Just over half of those who did not select an option for question 11(i), i.e. the' no responses' did provide comments to question 11(ii). A number of these comments raised concerns that further reductions would erode user confidence in the survey.

Comments from those who selected the option to reduce the SHS sample size, indicated that they believed a reduction in sample size would not affect the way they use the survey; however, a reduction in the breadth of the survey would. One response suggested moving to a model similar to that currently used by the Scottish House Conditions Survey ( SHCS) i.e. collect data over a three year period from a third of the total sample each year.

Those who selected a reduction in the frequency of SHS data collection saw this option as being the least different from the current situation in terms of sample size and the breadth of the survey.

Several responses to this question, the majority from local authorities, called for a further consultation if further reductions were necessary.

Impact of further reductions

Question 12 asked 'What would be the impact on the work of your organisation if there were to be a further reduction?' Respondents were asked to outline foreseeable impacts on their work if the SHS sample, frequency of results or topic coverage were reduced.

Eighty out of 99 respondents (80 per cent) provided a response to this question. Half of the non-responders were local government organisations. Although the consultation asked for views on how different types of reduction would affect respondent's work, many respondents answered in a generic manner rather than singling out which type of reduction would affect them and how.

The biggest concern raised by respondents to this question was a loss in precision in the SHS (a quarter of responses) if the SHS sample size was reduced. This in turn would reduce the use, value and confidence in the SHS which could (and in some cases would) force users to stop using the SHS altogether and seek out alternative sources. For example, one response stated:

'[The SHS] would cease to be a viable source of data. We would ultimately either have to look for alternative methodologies (for developing a local income model) or the Scottish Government would have to cease the commission and not pursue this strand of work.' - Anon

Respondents that currently use the SHS as a monitoring tool expressed concern that they may no longer be able to use the survey in this way. Several respondents expressed concerns on how changes would impact on smaller sub-group analysis that is currently carried out. A number of responses highlighted how reductions would affect work that is done on behalf Ministers. For example, an individual from the Carnegie Trust UK said:

'We would be concerned if the changes impacted on the Scottish Ministers requirement to publish an annual report on Scotland's progress.
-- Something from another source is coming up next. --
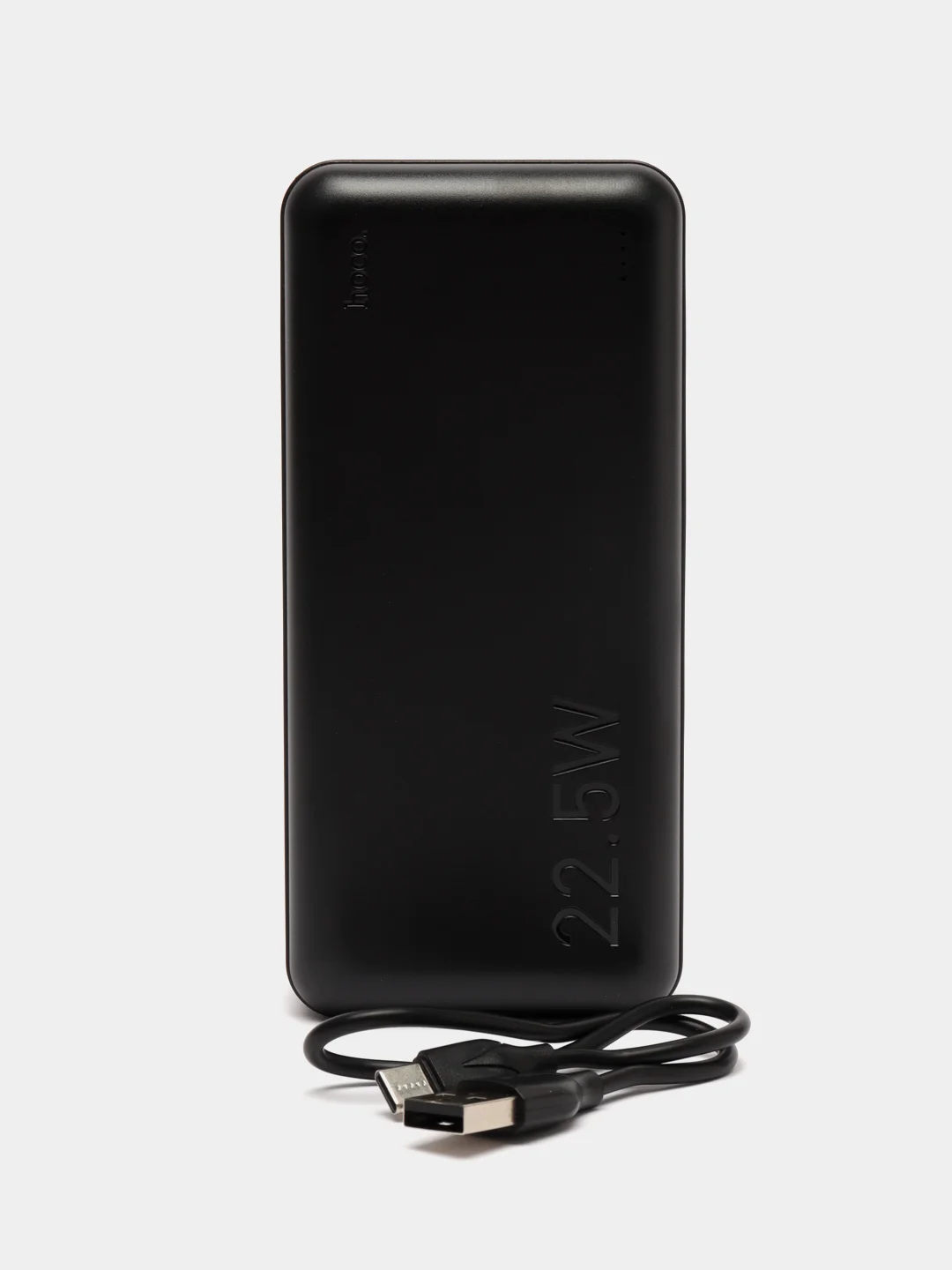 Черный повербанк Hoco J101B, быстрая зарядка, 30000 mAh, 2 USB + Type-C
Reductions in frequency of collection and topic coverage could result in this outcome. This would have a direct impact on our ability to provide information for Parliament and civil society to hold the Scottish Government to account.'

Several respondents highlighted issues they would have in getting future funding:

'It may make comparisons with previous years more difficult and perhaps even impossible. This could impact on the service funding we get from our local authority and/or NHS partners as we may not be able to demonstrate adequately improved uptake of our services.' - West Lothian Leisure

Central Scotland Green Network said that they may need to 'ask Government to fund surveys to give us our results'. This could potentially negate any cost saving as a result of this consultation.

Three responses from central government respondents noted concerns about the impact of reducing sample size, frequency and topic coverage on the national indicators. For example:

'As there are numerous National Indicators that are updated using data from the SHS reducing the frequency of collection would mean that several indicators would no longer be able to be updated on an annual basis, which would be problematic given the emphasis of Scotland Performs on short term change.'

A number of respondents noted that they were unable to answer the question without knowing exactly what the proposals for reductions would be.
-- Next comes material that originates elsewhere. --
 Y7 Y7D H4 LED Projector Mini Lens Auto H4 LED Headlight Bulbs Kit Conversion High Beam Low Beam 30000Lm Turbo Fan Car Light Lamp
Other comments about the SHS or the consultation

Question thirteen asked 'Do you have any other comments about the SHS or this consultation?'

Thirty two out of 99 respondents to the consultation (including six of the free text responses) provided their views or comments on the consultation or the SHS.

The vast majority of the comments received came from local government (56 per cent) and third sector respondents (34 per cent). Whilst in general the third sector called for a larger and more robust survey, local government mainly wanted to prevent any further reductions to the sample size of the survey.

A number of organisations, including the LGBF Board, Accounts Commission, COSLA, SOLACE and some individual local authorities largely recognised that increased budget pressures required a review of the SHS, but thought that the consultation was limited in scope in terms of its focus on two specific options to reduce costs. Many of these respondents called for a pause in order to carry out a comprehensive or fundamental review of the SHS in the context of the wider SG survey landscape, i.e. a review and redesign that would bring into scope other national survey products too, and that involved relevant stakeholders, including policy and technical colleagues. South Lanarkshire Council called for a re-designed survey which is 'clearer about the key uses to which it is put and its function as a survey mechanism for the public sector'.

The LGBF board cited four factors that supported a larger scale review, including:

  • the current limitations in using SHS data at local level;
  • the need to ensure the survey better reflects policy priorities such as prevention, outcomes and partnership approaches, locality and place, community empowerment/engagement and reducing inequalities;
  • the need to examine opportunities to strengthen links and harmonise existing survey approaches across the public sector, as noted by the Outcomes Evidence and Performance Board;
  • Safeguarding the future of the survey as there is a danger that we continue to cut away at the sample size until it diminishes beyond use.

Some of these points were echoed by the Accounts Commission who also added their concern about public confidence in the satisfaction indicators under both SHS options.

COSLA felt that the consultation did not prioritise the link between evidence and policy, that the proposals were driven by cost cutting rather than genuine consultation on what was the right thing to do, and that there was no thought to what would happen if further budget cuts came. They viewed the options as "…short sighted solutions which do nothing to safeguard the SHS". It was noted that the models adopted for 2017 and 2018 were linked in order to provide a useable sample and that any decision made now would dictate the process to be followed in 2018. It was also noted that a review should consider how any new powers for Scotland post the Smith Commission could or should be reflected in the survey.

Several local government respondents referred to a need to rethink data collection methods to either all or part of the survey, particularly if there are further pressures on costs to reduce sample sizes. This was frequently linked to comments about the limitations of current local authority sample sizes.

In order to increase the robustness and usability of the survey, the following suggestions were provided in responses to question 13:

  • Around one in four respondents would avoid reducing the sample size any further, as this will leave the SHS useful only at Scotland level but not at local level.
  • Around one in eight would like to increase the sample size as currently the SHS is of limited use to local authorities and/or could be of more use, including one respondent that wanted more regular national surveys that provided local authority data.
  • Several respondents would like to expand the survey to allow for more questions to be added both to the SHS survey (e.g. informal volunteering, participation in sport and sport clubs) and/or SSCQ and for these questions to be stable over time.
  • North Lanarkshire Council would welcome an opportunity to fund a boost to local survey samples to avoid potential costs of resourcing/procuring their own research, while two local authorities mentioned that they already undertake their own local survey.
  • More topics disaggregated by ethnic group

Among other suggestions were to employ data-mining of private and public data sources for the fact-based questions on households to allow the SHS to focus on perceptions rather than facts.

A few respondents used question 13 to comment on the consultation itself, with mixed views on the consultation document in terms of the ease of understanding and the use of Citizen Space and/or the Word template that was provided as an alternative. Another respondent noted how helpful the SHS team had been to them in supporting their work.

Finally, the Child Poverty Action Group, which had concerns about both options, requested that the Scottish Government perform a Children's Rights and Wellbeing Impact Assessment in relation to the consultation. (This point was made in response to question 2 but has been reported in this section).